The film, which was released on DVD by PBS on March 30, 2010, reports on diminishing populations of penguins and marine life, grass growing in the world’s largest desert, startling new data on the ozone hole and the imminent rise in the world’s sea level due to the accelerated melting of Antarctica’s land ice. View the trailer.
The film’s director, writer and producer Mark Terry is touring with the film to continue his mission of educating the world of these new environmental discoveries that will impact on all of us.
If you’re interested in sponsoring film’s screening at either of these events, please contact Mark directly.
About Mark Terry (Producer, Writer, Director).
Documentary filmmaker Mark Terry has been producing award-winning films in Canada for more than 20 years. A Member International of The Explorers Club, Mark has travelled the world for his films, achieving the rare feat of setting foot on all seven continents.
Mark also produced and directed the documentary feature We Stand On Guard which chronicled the first 100 years of Canadian military service and saw Mark serve with the Royal Canadian Regiment in war-torn Kosovo.
Mark’s film career has taken him to the Painted Desert in Australia, the Sahara Desert in Egypt, Ecuador and Venezuela in South America, Hong Kong, Kowloon, Lantau Island and Macau in Asia and throughout Europe, North America and the Caribbean.
The mountain ranges Mark has climbed include the Rockies (Canada and the US), the Andes (Ecuador and Argentina), the Alps (Italy and Switzerland), the Carpathian Mountains (Romania) and the Sar Mountains (The Balkans).
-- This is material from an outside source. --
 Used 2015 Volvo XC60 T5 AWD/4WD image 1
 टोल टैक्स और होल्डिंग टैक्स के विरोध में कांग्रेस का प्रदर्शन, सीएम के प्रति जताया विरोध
But of all the destinations Mark has visited in the world, he is most fascinated by the polar regions. Having traveled to the Arctic here in North America several times, Mark has now completed a documentary on Antarctica focusing on studies made there during International Polar Year (March 2007 to March 2009).
In addition to belonging to the professional organizations The Academy of Canadian Cinema & Television, the Documentary Organization of Canada and the International Documentary Association, Mark is also a member of the following environmental organizations: The Royal Canadian Geographical Society, Canadian Council for Geographic Education, the Canadian Network for Environmental Education and Communication, the Ontario Society for Environmental Education, the Canadian Organization for Tropical Education and Rainforest Conservation, Nature Canada, the Canadian Circumpolar Institute and the University of Alberta Northern Research Network.
About myEARTH360.com
Founded by Lynn Hasselberger, an environmentalist and mom concerned for her son’s health and future, myEARTH360.com offers eco-friendly products from the eco-practical to the eco-chic. The company’s mission is to help others transition to an earth-friendlier lifestyle. A portion of all sales is donated to the National Environmental Education Foundation (NEEF).
Lynn’s mission is to provide information and solutions to help others not only lead an earth-friendlier lifestyle, but take action for clean air, clean water and safe food. She is a contributing editor to a variety of online publications.